Parametric Bench designed by Ten students from Columbia University GSAPP
Innovative school project by Ten architecture students from Columbia University GSAPP have recently completed Polymorphic, a kinetic installation utilizing an innovative design and engineering solution inspired by the kinetic action of a see-saw and the reverberating motion of a slinky. The group consisted of Charlie Able, Alexis Burson, Ivy Chan, Jennifer Chang, Aaron Harris, Trevor Hollyn Taub, Brian Lee, Eliza Montgomery, Vernon Roether, and David Zhai.
The installation is comprised of a double-sided bench which transforms through a series of 119 unique and interconnected sections into a chaise lounge and finally an interactive balance board. These sections are connected via an inventive pivot and bolt system which allows the vertical movement of one section to be picked up by others down the line. Together, this motion allows the installation to transform from a series of leveled sections into an undulating form that becomes activated through interaction with its occupants.

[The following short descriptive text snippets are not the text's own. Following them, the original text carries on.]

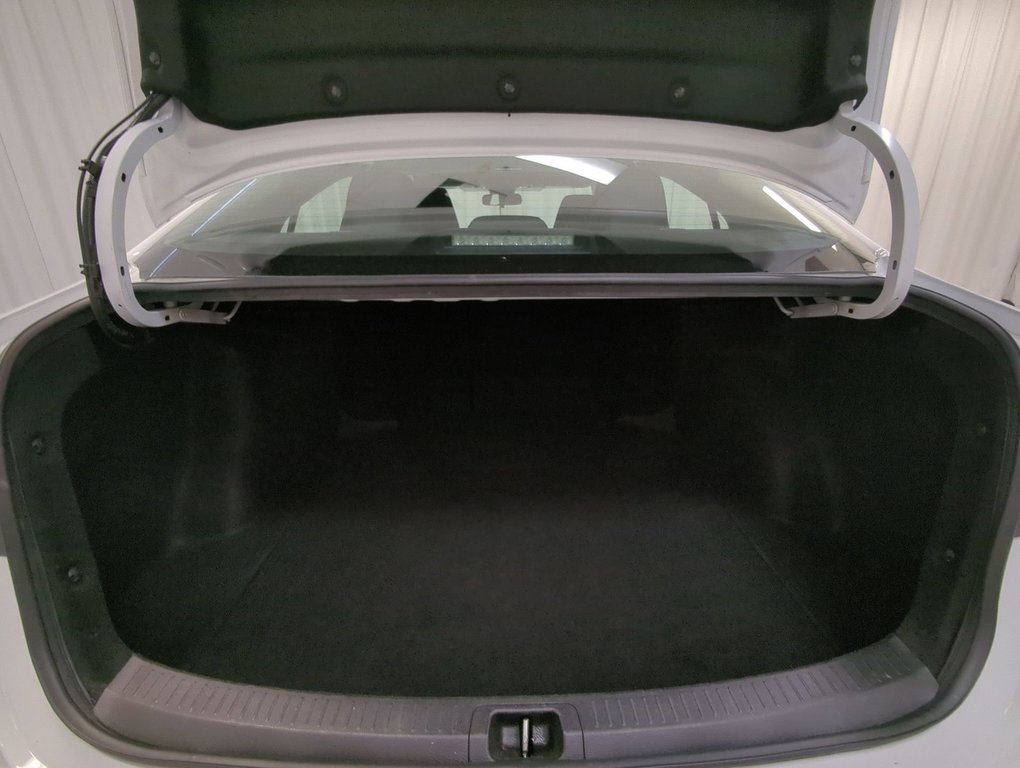 2022 Toyota Corolla LE Sunroof Alloys *GM Certified* in Dartmouth, Nova Scotia - 23 - w1024h768px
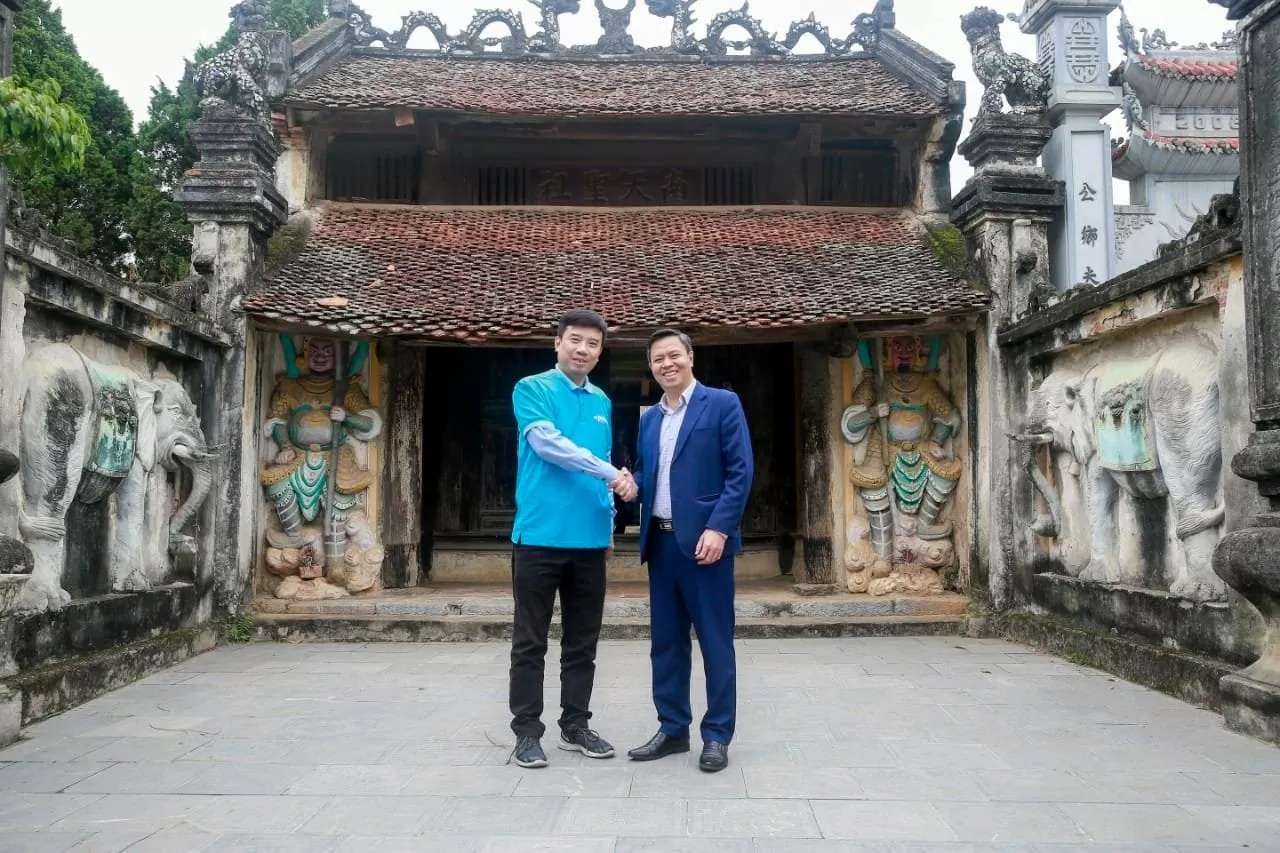 Tổng Biên tập Báo Thế giới và Việt Nam Nguyễn Trường Sơn và Giám đốc Sở Ngoại vụ Phú Thọ Dư Hồng Quảng.(Ảnh: Anh Tuấn) Tổng Biên tập Báo Thế giới và Việt Nam Nguyễn Trường Sơn và Giám đốc Sở Ngoại vụ Phú Thọ Dư Hồng Quảng.(Ảnh: Anh Tuấn)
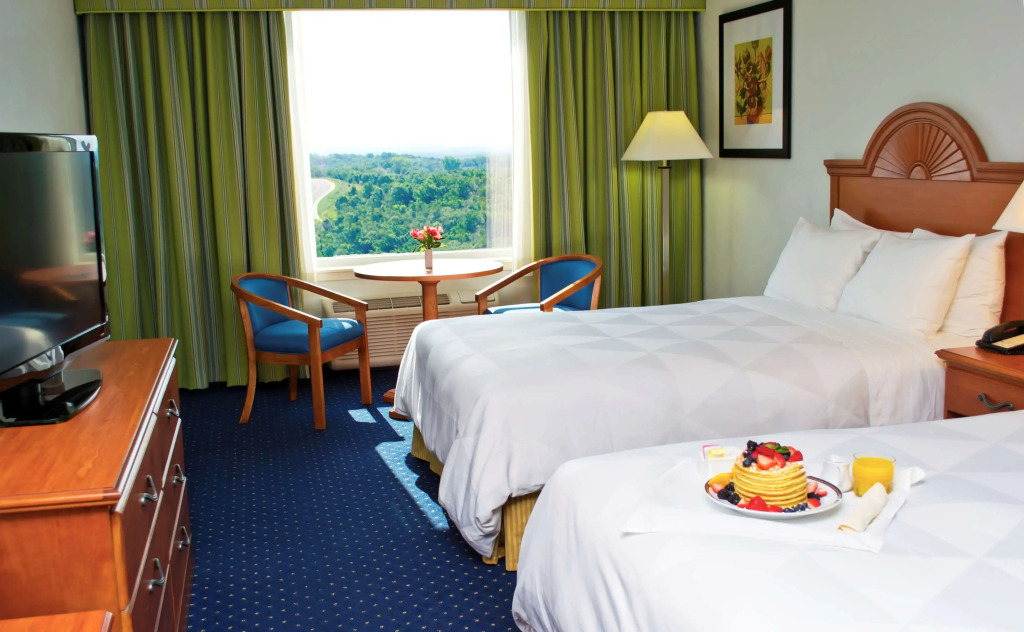 Отель Thousand Hills Resort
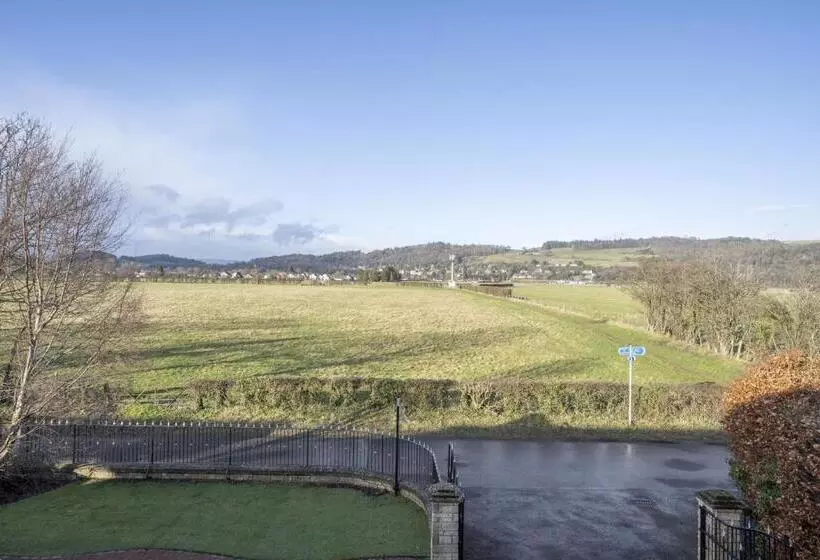 Springfield Lodge Bed And Breakfast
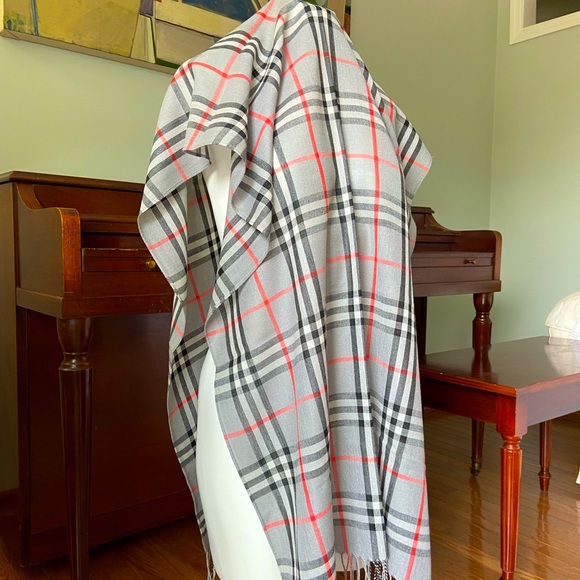 Thin Plaid Scarf - Picture 3 of 3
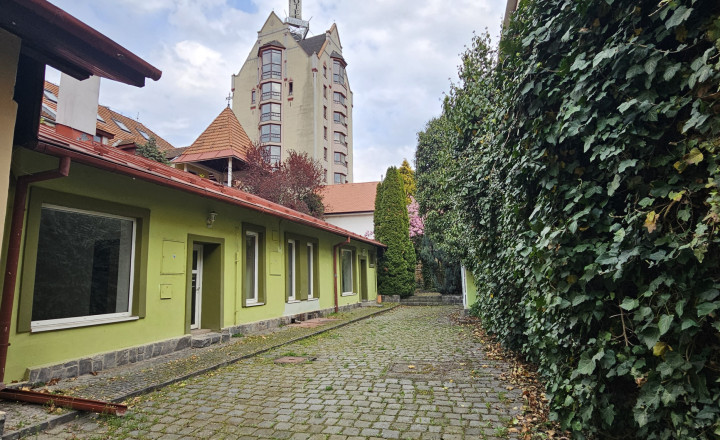 Predaj komerčnej nehnuteľnosti v centre mesta Lučenec - fotografia 25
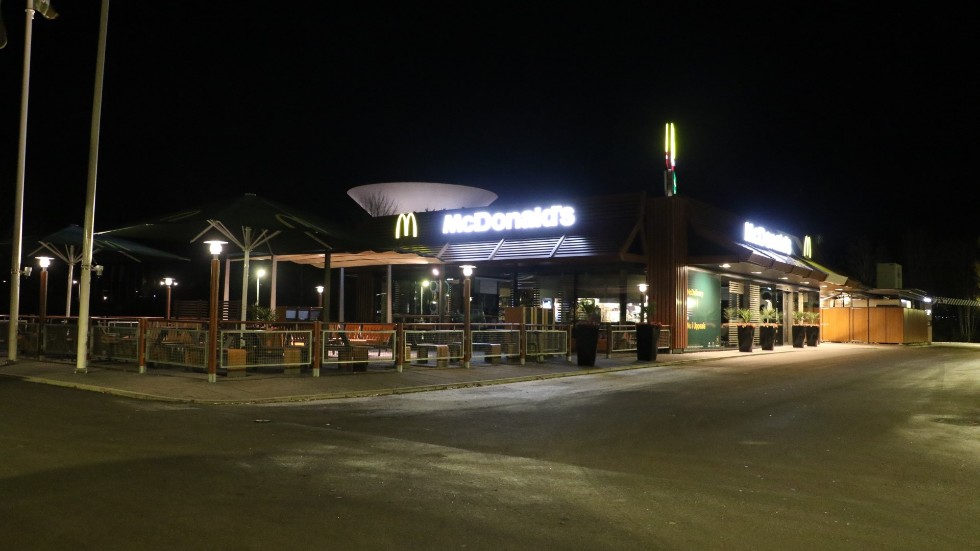 Strax innan stängningdags slog rånarna till mot McDonalds i Fyrislund.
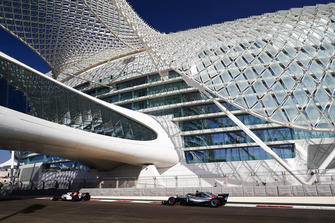 Antonio Giovinazzi, Sauber C37, devant Lewis Hamilton, Mercedes AMG F1 W09 EQ Power+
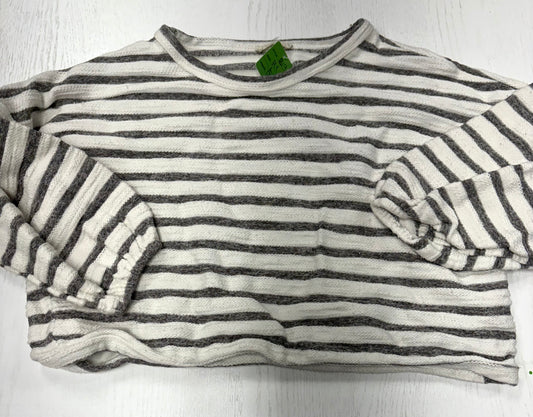 Girls medium cropped long sleeve
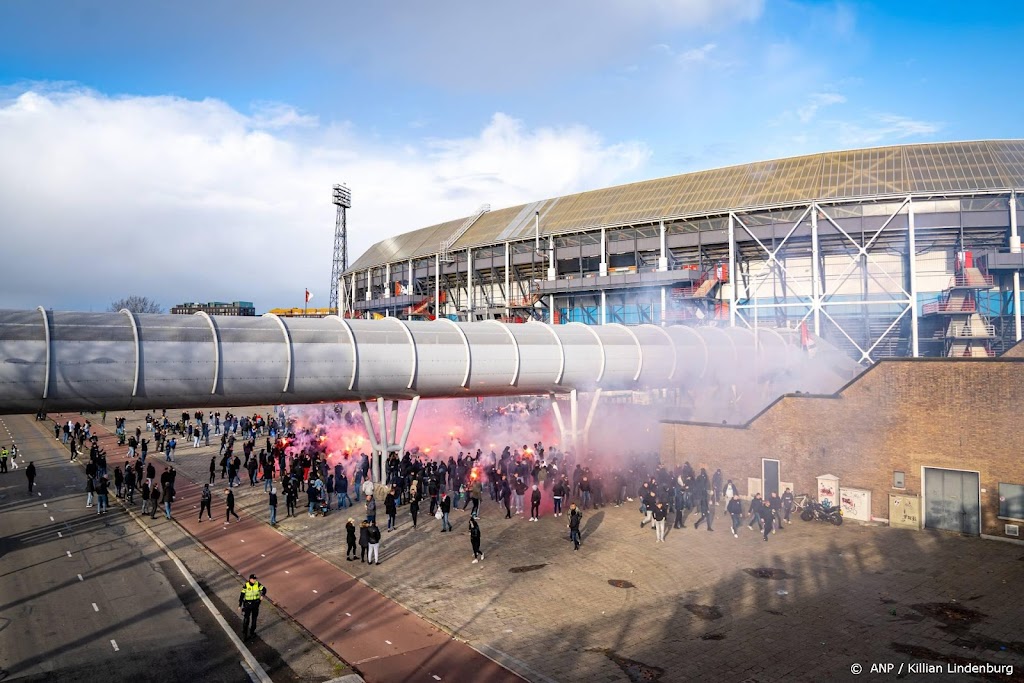 Zeventien aanhoudingen bij Kuip tijdens rust wedstrijd Feyenoord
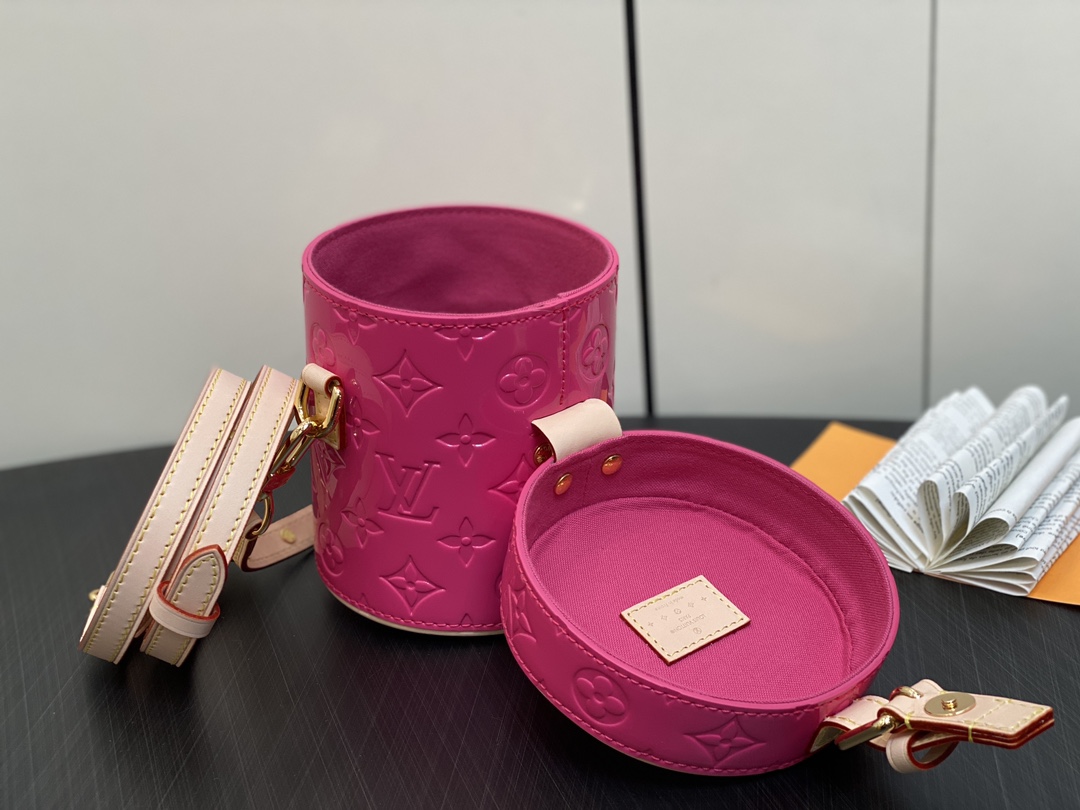 l0*is V*t0n astor bag m24099-12 x 14.2 x 12cm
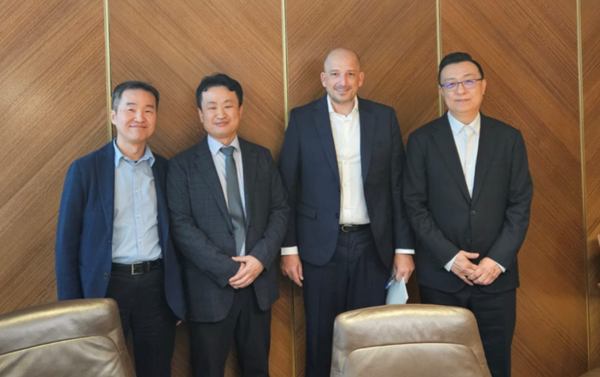 ▲ 지난 1월 모로코 카사블랑카에서 열린 ‘Project DI’ 구축을 위한 공동 업무협약(MOU) 체결식에서 주요 관계자들이 기념촬영을 하고 있다. (왼쪽부터) 네이버 공동창업자 겸 이오그라운드 권혁일 대표, 네이버클라우드 글로벌 DX&이노베이션 한상영 전무, Lloyds Capital의 CIO David Aim, 블룸테크놀로지 이상윤 대표.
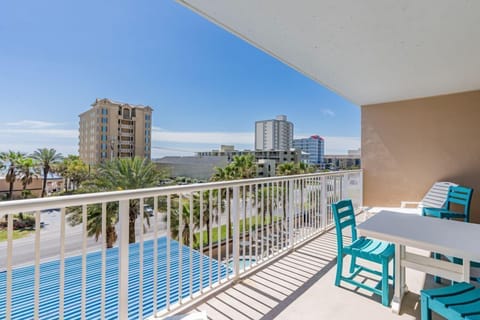 Crystal Tower 305 Balcony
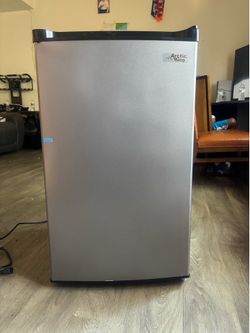 Arctic King Mini Fridge Refrigerator - Like New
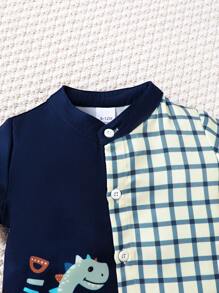 3pcs/Set Cute Cartoon Little Dinosaur Print & Plaid Splice Stand Collar Short Sleeve Shirt, Solid Color Shorts And Small Brimmed Hat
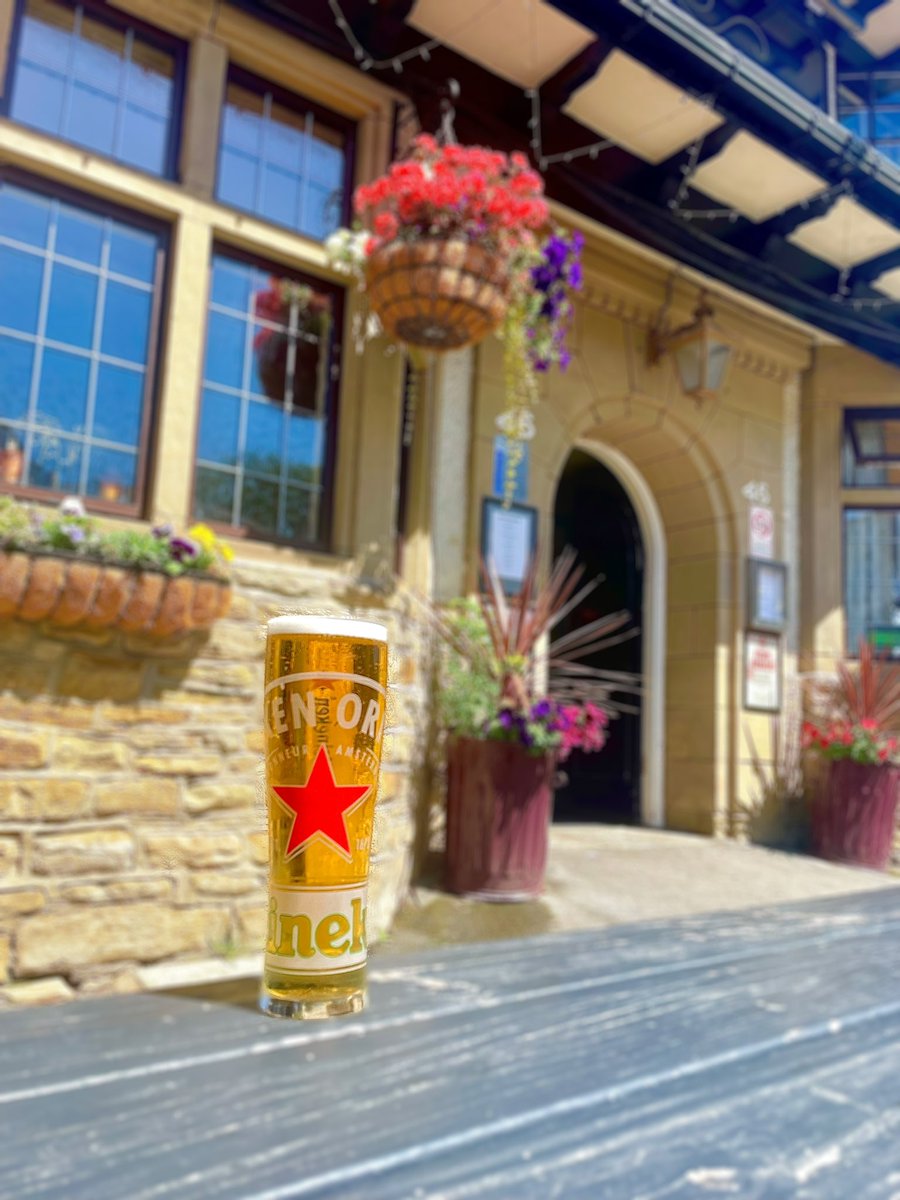 WalkleyCottage1's tweet photo. Cool down this afternoon at The Cottage with a cold pint of Heineken! 😍 https://t.co/rJup8xogxM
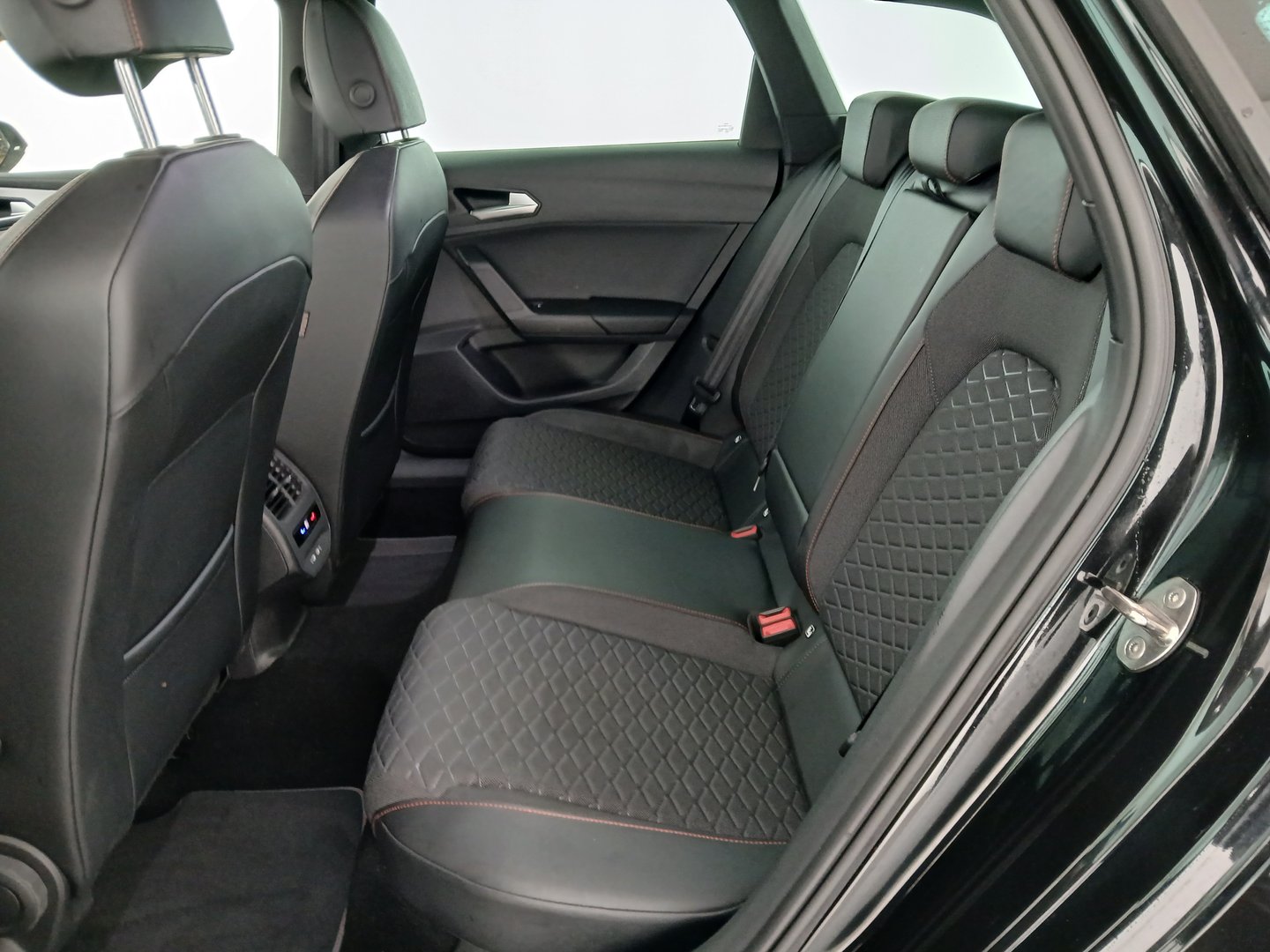 SEAT Leon SP Kombi FR 2.0 TDI DSG 4Drive | Bild 30 von 35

While the overall form of the bench is realized as a continuous landscape, each seating condition was designed according to existing ergonomic profiles in order to maximize comfort and functionality. This is further realized by allowing the tolerance of its motion to conform to the postures of the occupants using simply their weight as a point of activation for the movement of the sections. A series of internal notches linked together by elastic bands and reinforced by couplings located on the central pivot rods prevent lateral movement and ensures safety during motion.
The design of Polymorphic was inherently sustainable, due to the financial constraint of a one thousand dollar budget. The design was broken down into small and linear pieces that maximized the quantity fit on a sheet of plywood. In total, the entire installation only used 18 sheets of plywood, which were utilized at over 90% efficiency.
At its core, the design of the installation is not only an inventive solution to a design idea, but also a test of the limits and capabilities of digital fabrication and its role in advancing architectural and industrial design practices. While the installation had a designated scale and dimension, the developed system has the ability to grow much larger and wider depending on the availability of resources and materials. The form of the design can likewise be readily adjusted to suit the conditions and contextual requirements of various spaces and environments. The scalability of the joint system and design together creates a truly parametric system in which its use is not only for aesthetics, but for construction, functionality, and comfort as well.